First Zinbryta Injection Yesterday

Yesterday I finally had my first injection of Zinbryta. It took months to get it approved and sent to me but it finally happened. So that was a little relieving. But then I was nervous it was going to make me feel like crap much like Rebif did. After talking to a lot of people in support groups on Facebook my worries were put at ease a bit. It seemed like the most common issue was dry skin or an injection site reaction. Well, I injected around 8am yesterday and over 24 hours later no problems at all. No dry skin, no injection site reaction, nothing. So I am happy it went so smoothly.

Now I am just worried about my monthly labs. Zinbryta messes with your immune system (it’s a monoclonal antibody like Tysabri and Lemtrada) so there are all these warnings about infection and getting sick and stuff like that.
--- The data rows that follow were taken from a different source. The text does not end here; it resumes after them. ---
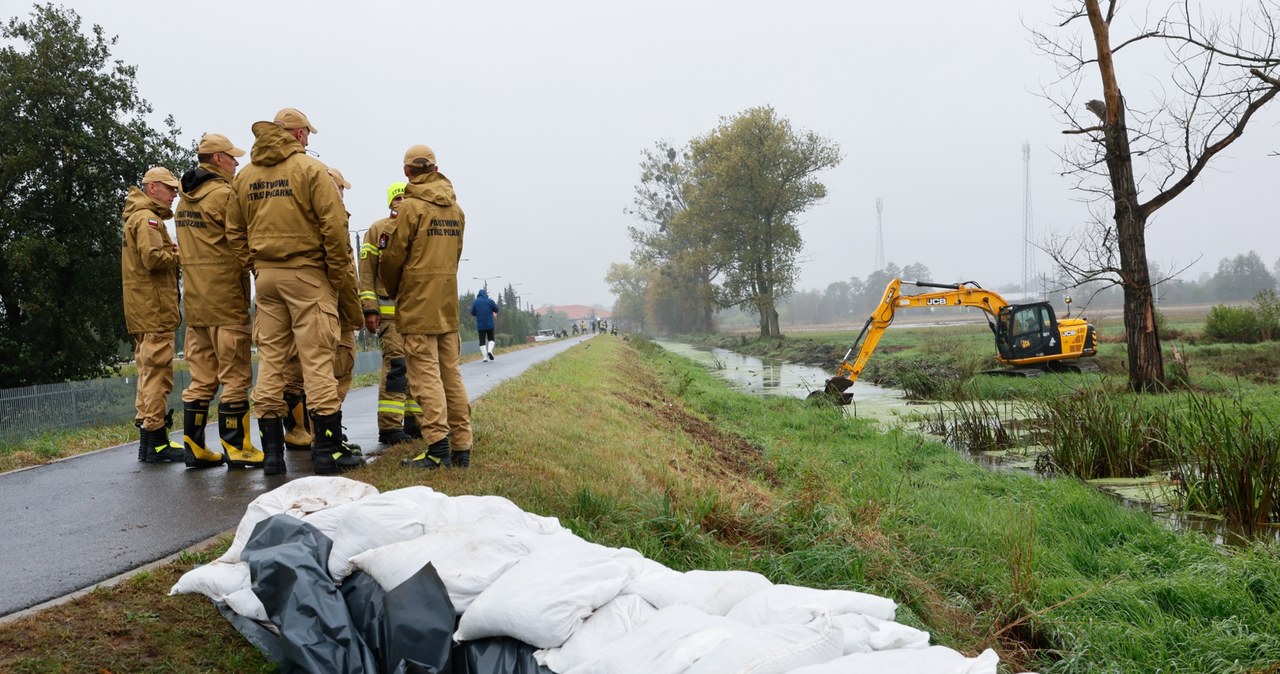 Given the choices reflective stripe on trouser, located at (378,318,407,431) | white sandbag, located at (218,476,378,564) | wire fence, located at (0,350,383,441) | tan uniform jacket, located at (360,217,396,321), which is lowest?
wire fence, located at (0,350,383,441)

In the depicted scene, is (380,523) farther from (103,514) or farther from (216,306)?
(216,306)

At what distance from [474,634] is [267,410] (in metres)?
3.49

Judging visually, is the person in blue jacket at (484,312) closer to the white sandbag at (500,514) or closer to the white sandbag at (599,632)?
the white sandbag at (500,514)

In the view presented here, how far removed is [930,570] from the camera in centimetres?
541

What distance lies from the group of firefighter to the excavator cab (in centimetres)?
1631

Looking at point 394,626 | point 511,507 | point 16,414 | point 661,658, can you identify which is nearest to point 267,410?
point 511,507

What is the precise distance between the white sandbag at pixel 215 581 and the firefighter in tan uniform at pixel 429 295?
2.30 m

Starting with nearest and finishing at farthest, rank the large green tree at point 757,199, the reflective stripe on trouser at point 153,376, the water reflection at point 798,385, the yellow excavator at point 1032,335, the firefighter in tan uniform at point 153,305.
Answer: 1. the firefighter in tan uniform at point 153,305
2. the reflective stripe on trouser at point 153,376
3. the water reflection at point 798,385
4. the yellow excavator at point 1032,335
5. the large green tree at point 757,199

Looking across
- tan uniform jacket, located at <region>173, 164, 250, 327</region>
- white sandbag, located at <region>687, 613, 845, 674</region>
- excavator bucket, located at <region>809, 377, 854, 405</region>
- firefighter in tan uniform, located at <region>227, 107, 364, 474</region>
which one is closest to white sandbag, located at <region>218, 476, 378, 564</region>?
firefighter in tan uniform, located at <region>227, 107, 364, 474</region>

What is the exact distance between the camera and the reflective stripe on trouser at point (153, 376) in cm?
666

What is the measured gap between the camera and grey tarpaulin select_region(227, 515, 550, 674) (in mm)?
2801

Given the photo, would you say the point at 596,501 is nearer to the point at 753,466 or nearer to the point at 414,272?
the point at 414,272

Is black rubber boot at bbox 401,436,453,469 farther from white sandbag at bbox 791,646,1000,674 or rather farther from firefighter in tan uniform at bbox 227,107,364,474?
white sandbag at bbox 791,646,1000,674

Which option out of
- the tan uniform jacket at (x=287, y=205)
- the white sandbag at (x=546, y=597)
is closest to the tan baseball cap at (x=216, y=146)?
the tan uniform jacket at (x=287, y=205) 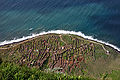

When my white blood count (WBC) has already been pretty unstable lately will this knock it back down? What then? Stop Zinbryta? And then what? Because pretty much all MS therapies affect the immune system so will that mean that Lemtrada screwed up my ability to use any other therapy while seemingly having done nothing beneficial for me? Well maybe (and hopefully) none of that will happen. Hopefully all my numbers will look good and I can remain on this treatment.

Oh yeah, I have been getting so many phone calls from Biogen and Biogen nurses about Zinbryta. It’s driving me nuts because it is all stuff I have heard 1,000 times before since the day I was first diagnosed with MS and started Copaxone. No, I DO NOT NEED injection training. Thank you though for calling me 3 days in a row to ask. You never know when someone might get smacked in the head with a frying pan 5 minutes after your first call and forget how to do something they have been doing for years. So the constant asking? That, THAT is what we call being proactive. And yes, I know there is a nurse on call 24/7 that I can call with a question about Zinbryta and be told to ask my doctor. I know. I am not new to this. But again, thank you! Take care now, bye-bye then!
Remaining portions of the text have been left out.